The most dominant team in the state wears skirts. Then again, they have to, it’s their uniform. When the Visitation Academy tennis team left the Cooper Tennis Complex in Springfield two weeks ago, it brought with it a familiar friend, the Class 1 State Championship trophy. The Vivettes and the trophy got to know one another last season. They were almost best buddies the year before, but we’ll get to that. It is by no means a stretch to imagine they’ll be reacquainted at the end of next season. What makes Visitation such an impressive team is not that it’s hoarding state trophies; it’s the way it’s gone about collecting them.

Over the past three seasons, the Vivettes are a ridiculous 50-1. That one loss came to MICDS in the 2009 state championship match after 15 consecutive wins. Last year, Visitation went 17-0. This season, it was 18-0. The Vivettes have won 35 consecutive matches. With three more wins they’ll tie Knob Noster’s state record of 38 set from 2000-2002.

The reason for this team’s success? It can be found in four incredible players who, at first blush, don’t have the look of a group that is among the most historically dominant in the state.

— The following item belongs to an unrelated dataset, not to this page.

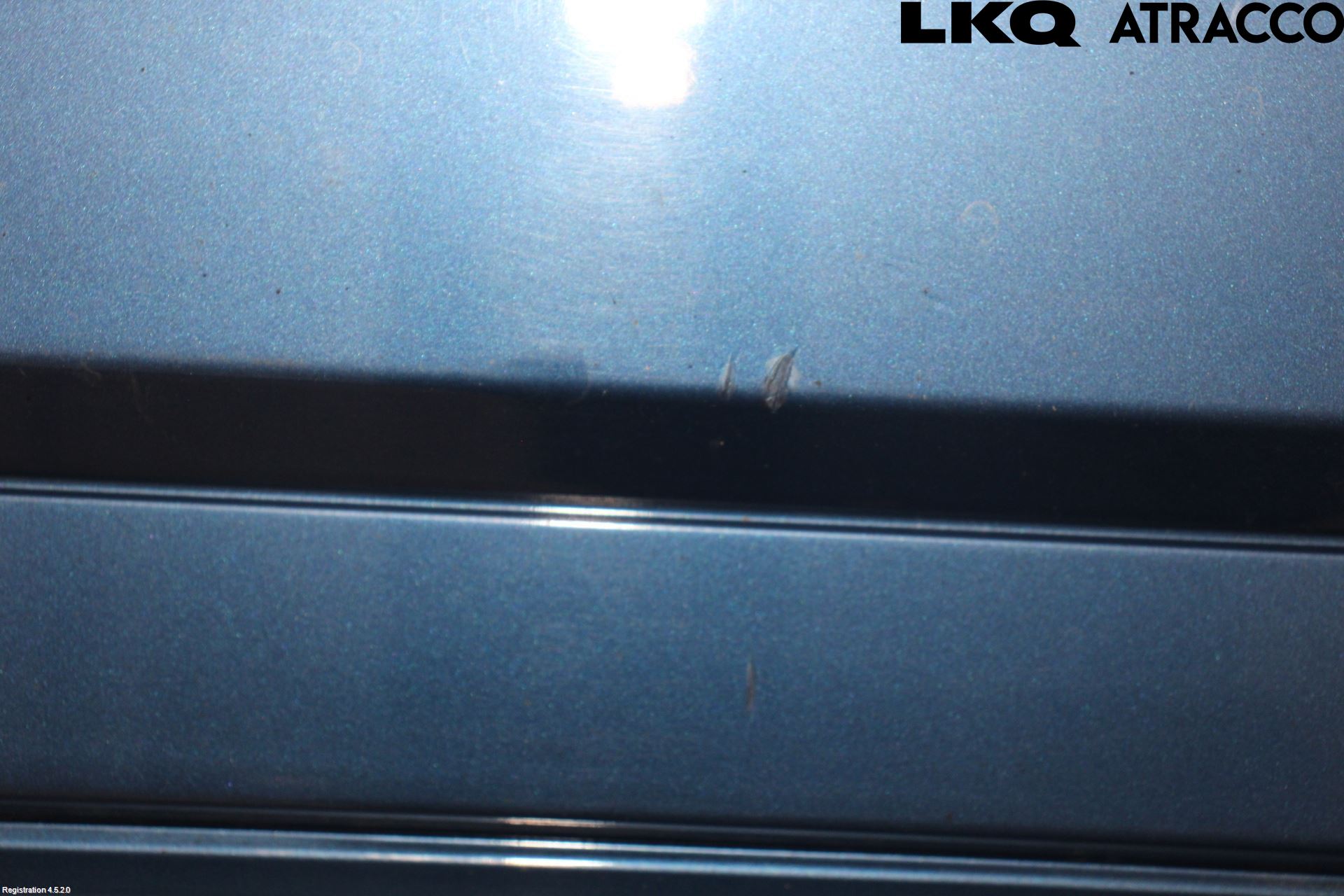 Audi TT 99-06 Stötfångarbeklädnad Bak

When juniors Briana Menolascino, Jocelyn Koester, Marielle Newell and Jana Haikal showed up on campus as freshmen, the Viz tennis team went into orbit. Each of this fearsome foursome could be the best player at almost any other school. “Lots of teams don’t have four really good players,” Koester says. “We push each other.”

Technically speaking Koester is the No. 1 player, followed in order by Menolascino, Newell and Haikal. It’s not a particularly intimidating group away from the court. Koester is the tallest at 5 foot 8. Everyone else checks in between 5 foot 4 and 5 foot 5. While they are tiny, if you put a racket in their hand it doesn’t take long to figure out they’re quite mighty.

Any coach worth their salt will tell you the proven way to get better is to compete against the best. It just so happens, Viz coach Annie Meness gets to live that motto every day at practice. This season, more than before, Meness put the team through rigorous training sessions. It was done to give the Vivettes the best chance to defend their title. “At the end of the day, we all knew it would be worth it,” Haikal says.

But those tough practices can bring the beast out. Though tight-knit more often than not, there were times frustration got the better of the girls. “Sometimes we get a little competitive,” Menolascino says.

But once those five minutes have passed, the girls are once again friends. They say that, in no small way, is part of the reason they’ve been so dominant. “We’re a close team,” Newell says.

They are a team on the cusp of becoming the best to ever play the game.